Directions for this task: Set down the whole listing below exactly. The pictures stay out.

Provided data:
--- START ---

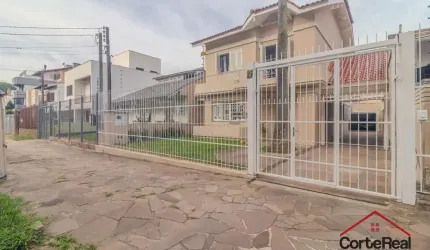 Casa com 3 quartos à venda na Rua Luzitana, 842, Higienópolis, Porto Alegre por R$ 1.100.000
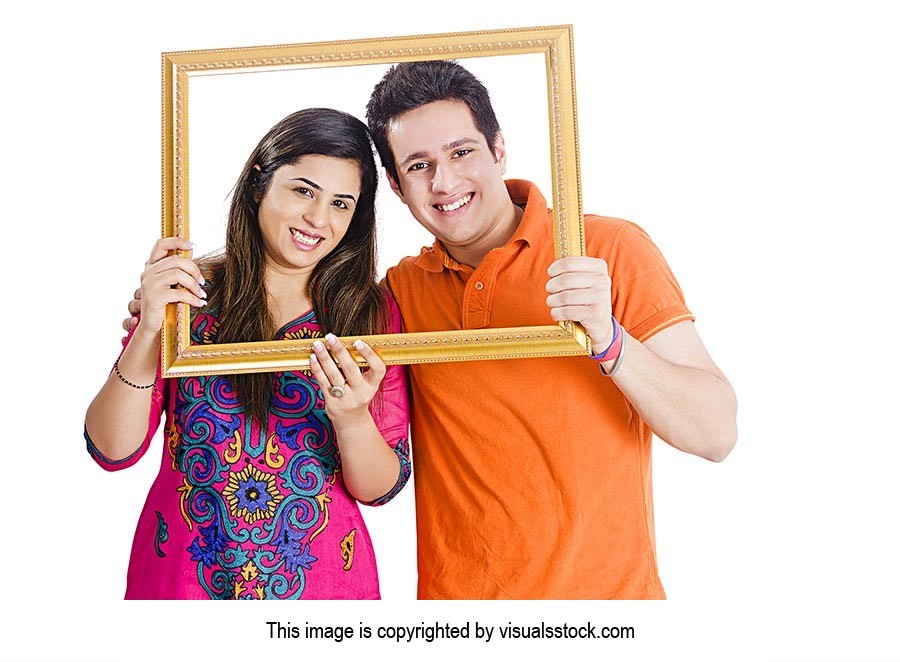 Couple Holding Picture Frame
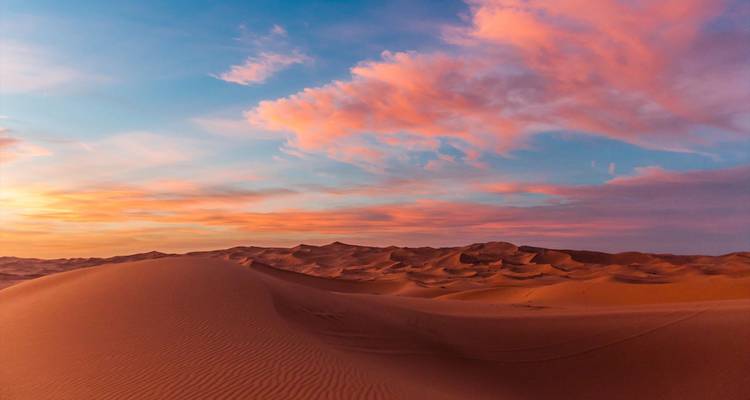 Dunas de arena dorada ondulan bajo un cielo dramático de atardecer rosa y azul en el Sahara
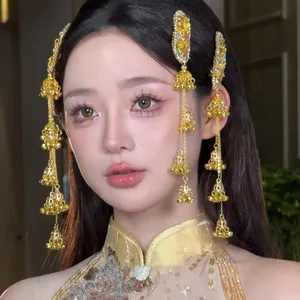 Gros plan de pinces à cheveux ethniques dorées à glands et cloches avec strass.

--- END ---

Exercise result:
 Casa com 3 quartos à venda na Rua Luzitana, 842, Higienópolis, Porto Alegre por R$ 1.100.000
 Couple Holding Picture Frame
 Dunas de arena dorada ondulan bajo un cielo dramático de atardecer rosa y azul en el Sahara
 Gros plan de pinces à cheveux ethniques dorées à glands et cloches avec strass.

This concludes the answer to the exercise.